The other two options have some similarities. If you’re someone who needs a computer to work out of the box, and wants it to perfectly integrate with your phone, tablets, and internet connected devices, then a Mac or Chrome/Android device is ideal for you. A PC can do all of those things too (arguably better) but if you’re just not interested or capable of learning how to support them, you might like the other options.
They really break down to price, and picking a “system” you want to go with. Both Apple and Google are competing for your “integrated” life, because while you might not know it, interconnected devices are about to revolutionize the world as you know it.

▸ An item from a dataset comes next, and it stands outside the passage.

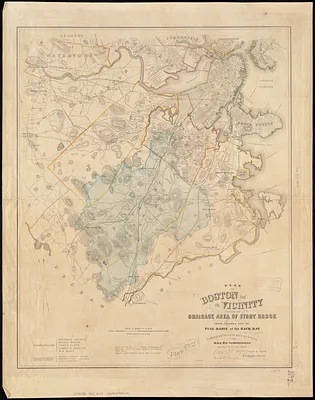 Plan of Boston and its vicinity, showing the drainage area of Stony Brook which empties into the full basin of the Back Bay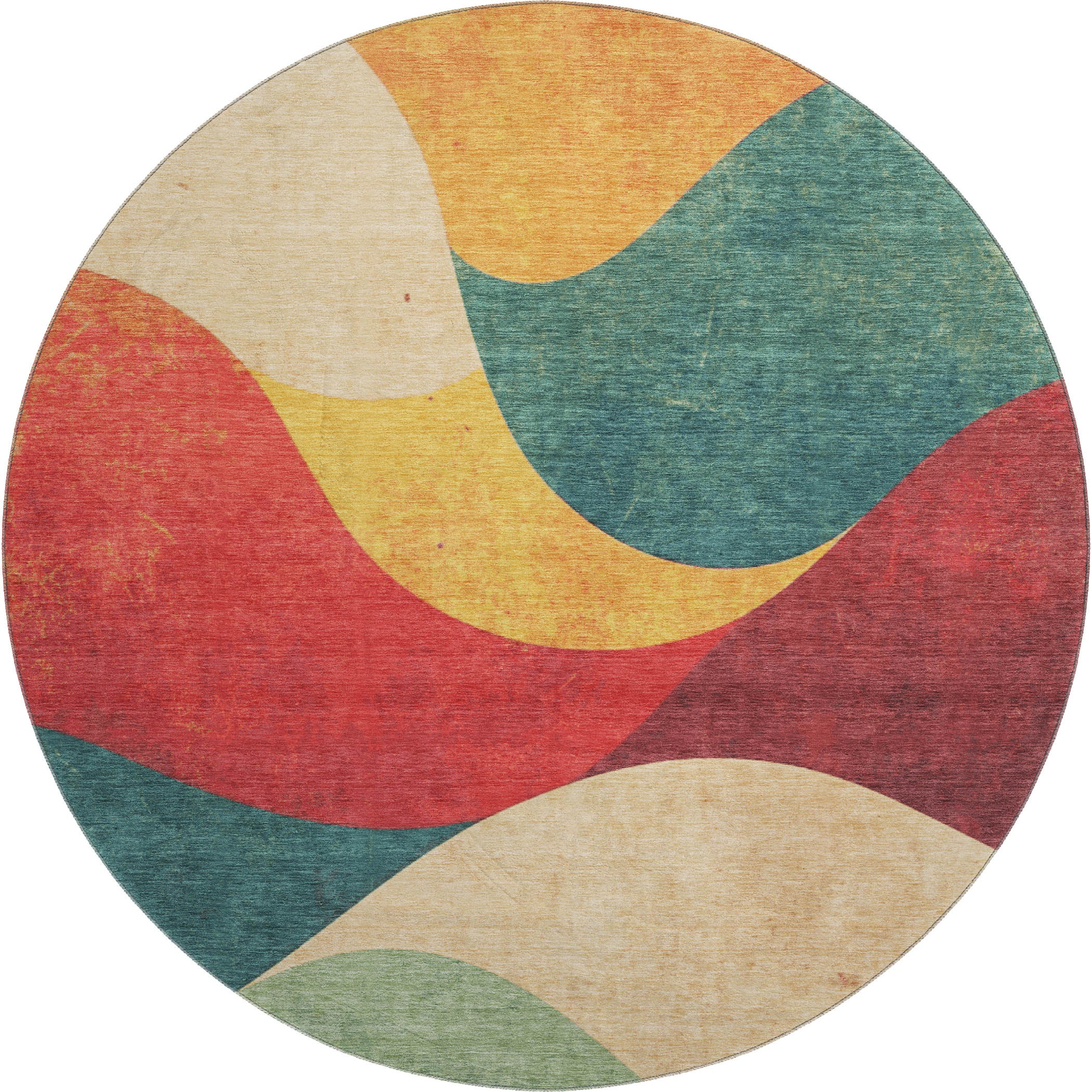 Cusco Machine Washable Transitional Orange Rug 8' x 8' #shape_Round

Your thermostat, home security, vehicle, and entertainment systems are all going to be controllable from devices you choose.
There are really only two options in this game:
- Go with Apple, and spend a lot but get great options.

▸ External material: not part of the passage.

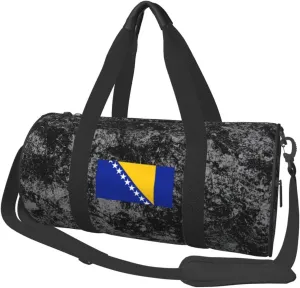 Flag of Bosnia and Herzegovina Convertible Garment Bag with Shoulder Strap, Carry on Garment Duffel Bag for Men Women - Rolling Foldable for Travel Luggage Bags (Black)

- Go with Google, and get great options but spend less.
I have a monster PC at home, and I love it. I touch it about once every few months nowadays, because I can do everything else on my phone or tablet. I don’t game much. If I did, or required an incredible high powered video card, then that would be different. The PC I use at work is the one I use the most, because it requires very specific software that isn’t available for Mac or Chromebook…yet.

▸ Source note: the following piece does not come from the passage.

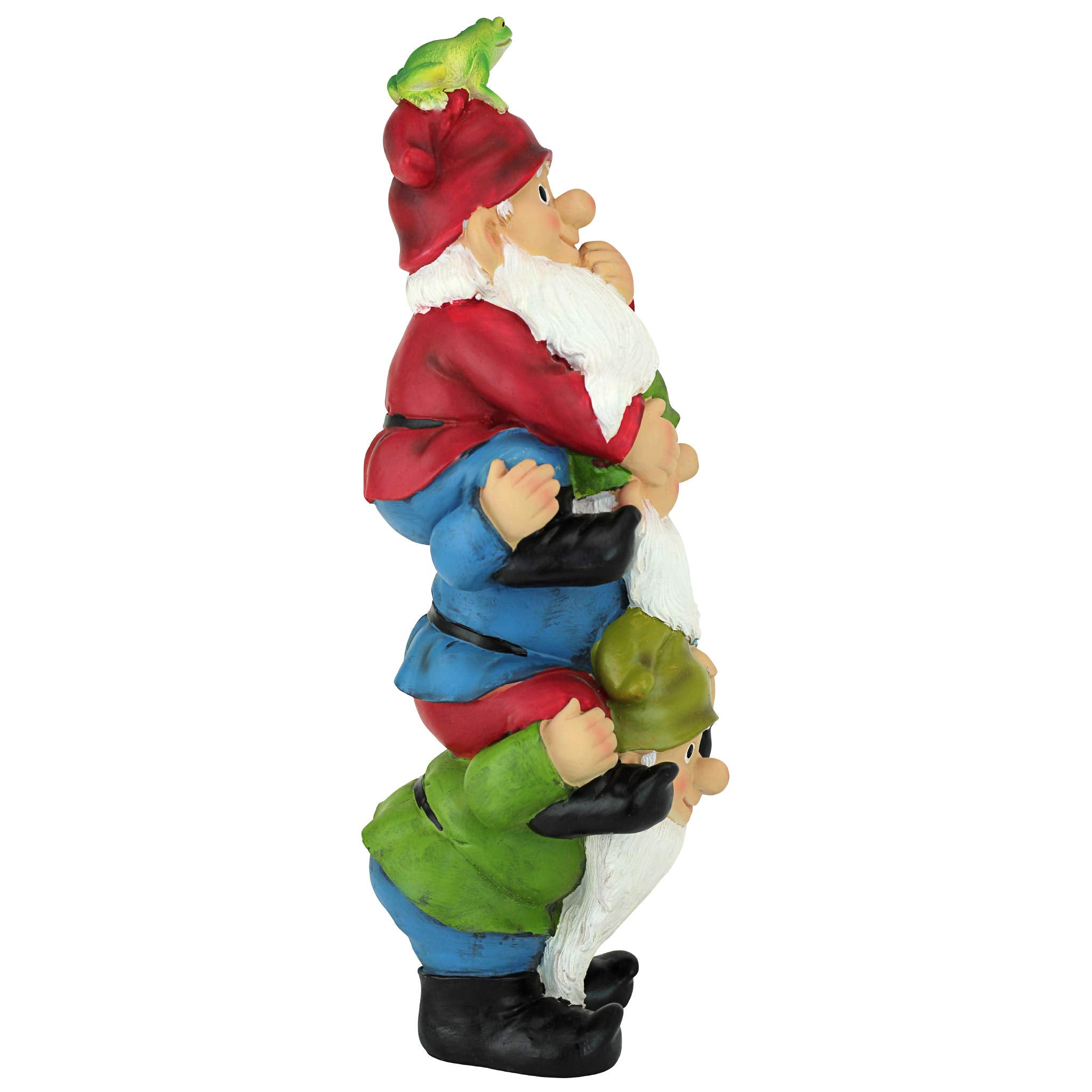 Design Toscano Tower of Three Garden Gnomes - Funny Outdoor Lawn Statue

And that “yet” is a pretty big deal.
The ONLY software I still require a PC for, is Microsoft-specific software like Expressions and SQL. Otherwise, every other piece of software I use regularly, is supported (and usually done better) in the cloud, and would work on a Mac or a Chromebook.
For example, the entire Adobe creative suite is on the cloud now. Photoshop, Illustrator, etc. video editing, audio recording, graphic design, web development, In Design publishing; all of this is done in a web browser now. I genuinely prefer Google Docs and Open Office to Microsoft Office. This wasn’t always the case, but after using it for a month, it became my preferred office software.
So, just think about who you are and how you use a computer. If you mostly use social networks like Facebook and Twitter, email people and watch streaming media like Netflix and Hulu, then something like a Mac and a Chromebook are right down your alley. If you are on a budget, get the cheaper Chromebook. If you can afford a Mac, get one. If you torrent files, or shoot a lot of photos, then either option will work for you.
If you’re happy with a PC, then by all means, KEEP IT. If you like it when it’s running, but you’re “computer illiterate” when it comes to fixing them, then ask yourself if you could limit the amount of things you do on the PC, and use something else more often. That’s the camp I surprisingly found myself in and I’m the über PC geek.
NOTE: Yes, I know I deliberately avoided talking about Linux computers, because someone considering a Mac or a Chromebook is NOT a potential Linux user. I love Linux systems, and I’ve installed Linux systems with Windows Clones for people who needed the familiar PC interface, without constant crashes and maintenance problems. I love them. They’re amazing. They’re also EXTREMELY limited when it comes to software and interconnected device options and most of the folks who hit me up for help, really need those things. So enjoy the penguin guys. I’m with ya.
I hope this helped. I know it’s a lot of content, but if you’ve read it all please tell me which camp you belong to, and I’ll point you in the direction of what I think is the best piece of hardware for your needs.